Перед Бертой я извинился, заявив ей, что терпеть не могу, когда люди издеваются над собаками. Она пожала широкими плечами:
— Песик сам должен уладить этот конфликт, — сказала она таким обыденным тоном, словно речь шла о самой заурядной проблеме воспитания подростка. — Если собака боится пинка, всегда найдется какой-нибудь тип, который пнет ее. Человек то ведь должен питать уважение к самому себе, чтобы его уважали другие. То же самое относится и к собакам.
Пес лежал у ее ног; мне казалось, он понимает каждое произнесенное ею слово. Я сказал Берте об этом.
— Разумеется, понимает, — ответила Берта. — Это умный песик, только уж больно чувствительный, в этом и состоит его главная слабость. Но он обязательно излечится от своих страхов.
Пес порывисто подвизгивал ей.
— Как назвали его? — полюбопытствовал я.
— Рексом, — ответила она.
— Грозное имя. Назвали бы лучше Плаксой.
Берта нахмурилась.
— Если это, как я догадываюсь, шутка, то совсем не смешная.
Прошло недели три, прежде чем я снова увидел Фейна и пса одновременно. Рядом со мной шагал Фред Смит, заискивающим тоном старавшийся реабилитировать себя в моих глазах. Говорил он слишком много и слишком быстро, и я не очень-то внимательно слушал его длинное разглагольствование о расстроенных нервах и здоровье.
Перед закусочной Берты Фред увидел пса и свистнул ему. Тот затрусил к нам через улицу; было совершенно ясно, что он рад Фреду.
Неожиданно возле его лап взметнулось облачко пыли — от упавшего камня. Я осмотрелся и на углу улицы увидел Фейна, подбирающего с земли другой камень.
Лицо у Фреда сделалось белым. Он испуганно переводил взгляд с меня на Фейна, с Фейна на собаку.

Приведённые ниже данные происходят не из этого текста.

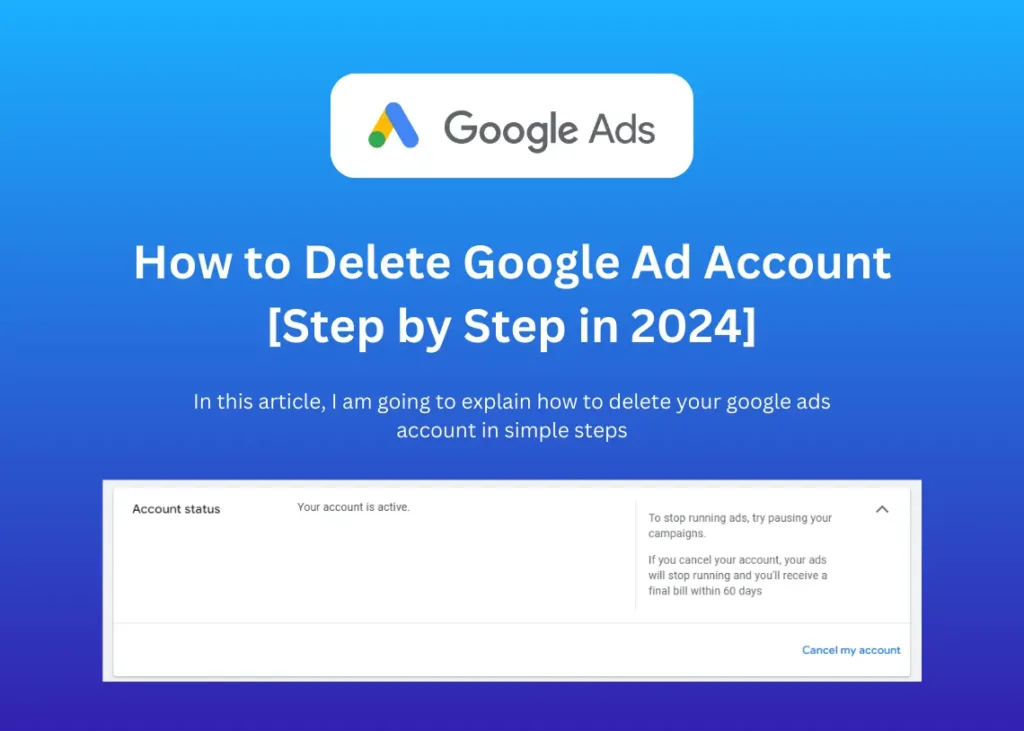 Delete Google Ad Account simple steps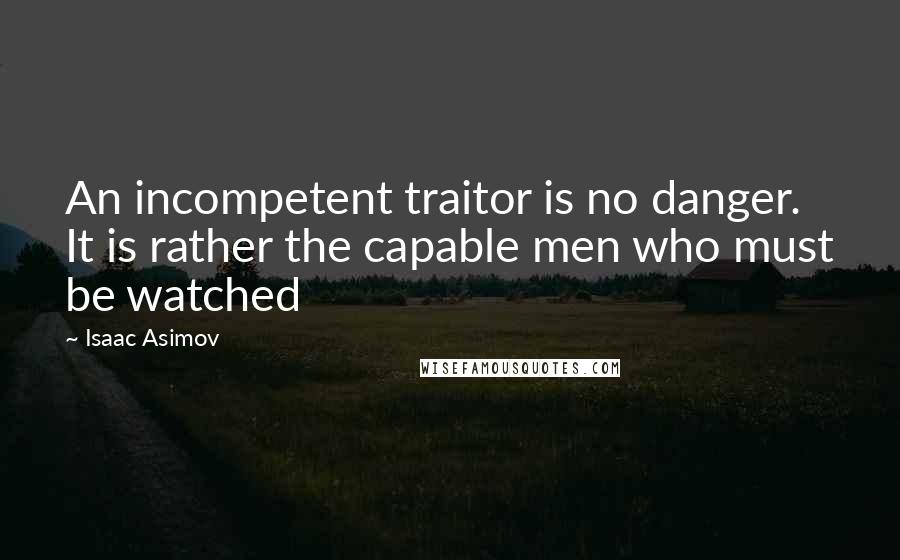 Isaac Asimov Quotes: An incompetent traitor is no danger. It is rather the capable men who must be watched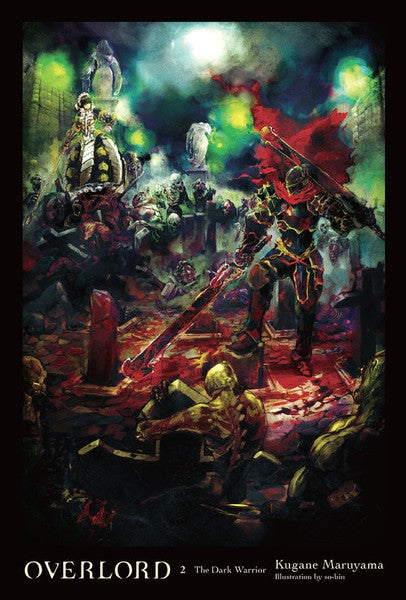 Overlord, Vol. 2 (Light Novel): The Dark Warrior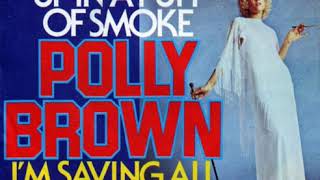 Polly Brown - Up In A Puff Of Smoke (Extended Edit)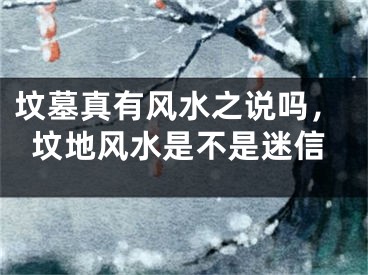坟墓真有风水之说吗，坟地风水是不是迷信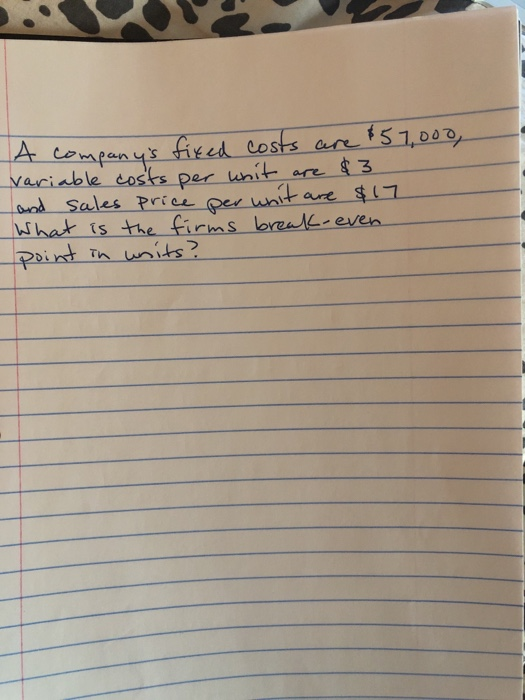 A companys fixed costs are $57,000, variable costs per unit are $3 and sales price per unit are $17 What is the firms break-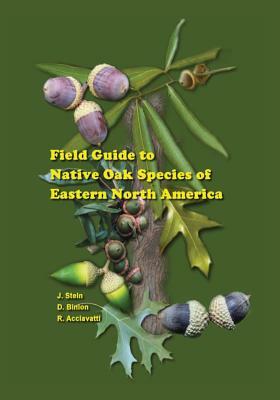 Field Guide to Native Oak Species of Eastern North America by Denise Binion, John Stein, Robert Acciavatti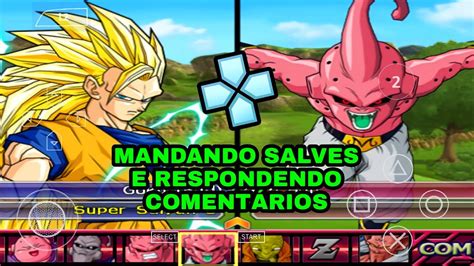 MANDANDO SALVES E RESPONDENDO COMENTÁRIOS SOBRE O PROJETO DRAGON BALL Z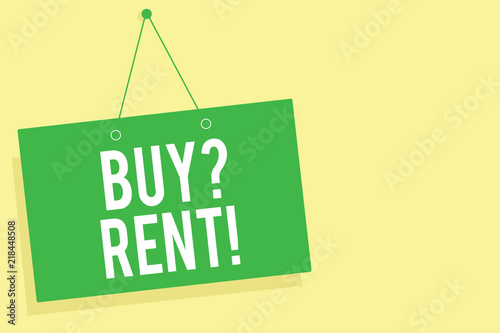 Word writing text Buy question Rent. Business concept for Group that gives information about renting houses Green board wall message communication open close sign yellow background.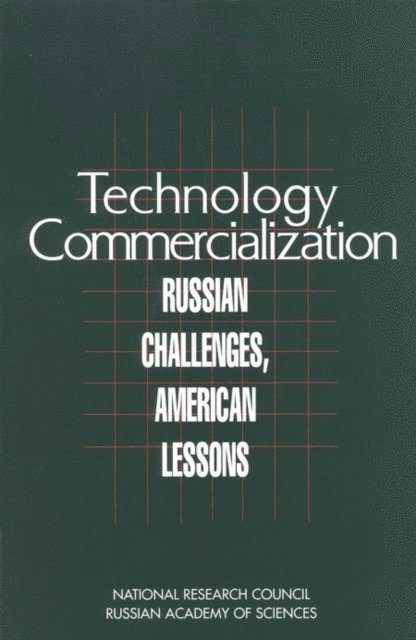Committee on Utilization of Technologies Developed at Russian Research and Educational Institutions, Office of International Affairs, Policy and Global Affairs, National Research Council and Russian Academy of Sciences - Technology Commercialization, E-bok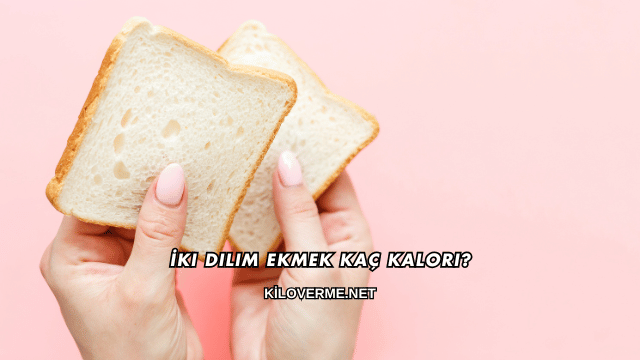 İki Dilim Ekmek Kaç Kalori?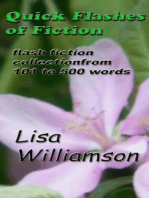 Quick Flashes of Fiction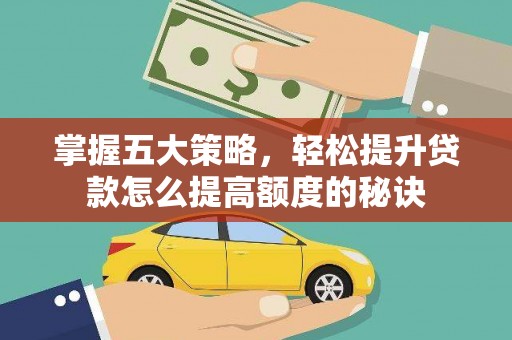 辽源掌握五大策略，轻松提升贷款怎么提高额度的秘诀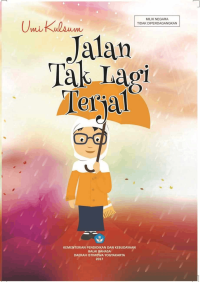 Jalan Tak Lagi terjal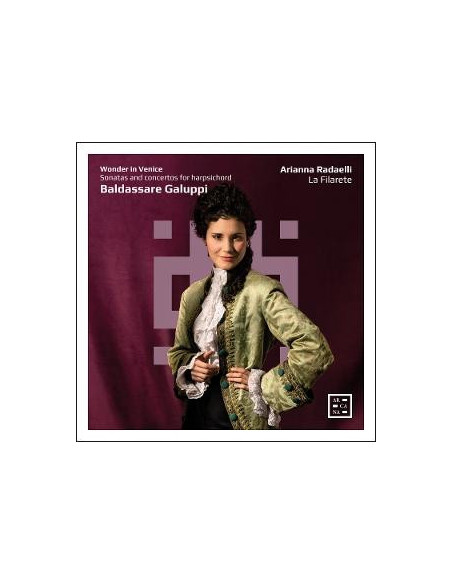 Baldassare Galuppi, - Wonder In Venice. Galuppi: Sonatas And C - (CD)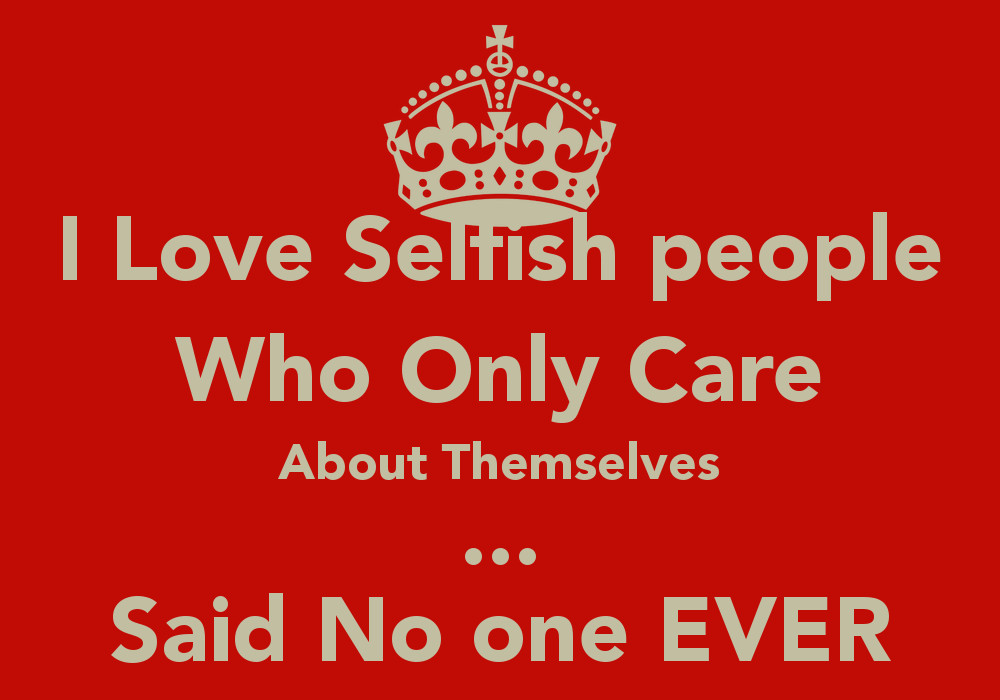 Selfish Relationship Quotes
 Selfish People In Relationships Quotes QuotesGram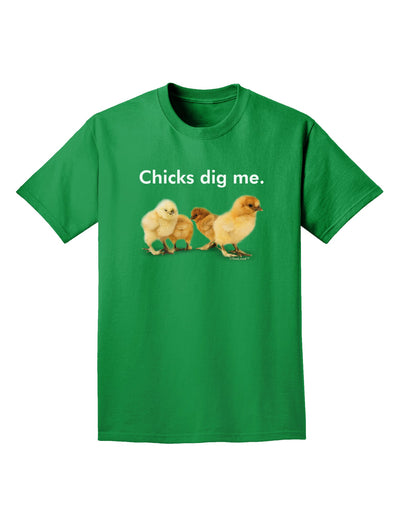 Chicks Dig Me Adult Dark T-Shirt-Mens T-Shirt-TooLoud-Kelly-Green-Small-Davson Sales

Я не забыл слова Берты о том, что пес должен сам урегулировать свои взаимоотношения с Фейном, но я не забыл также и некоторых обстоятельств последней своей беседы с этим субъектом, поэтому бет колебаний устремился к нему. У полиции мог появиться новый повод засадить меня в тюрьму, теперь уже не условно, так как у нас с Фейном намечался случай поговорить, и на этот раз у меня тоже кое-что имелось слева под мышкой, словом, я был готов к любым крайностям, на какие мог пойти Фейн.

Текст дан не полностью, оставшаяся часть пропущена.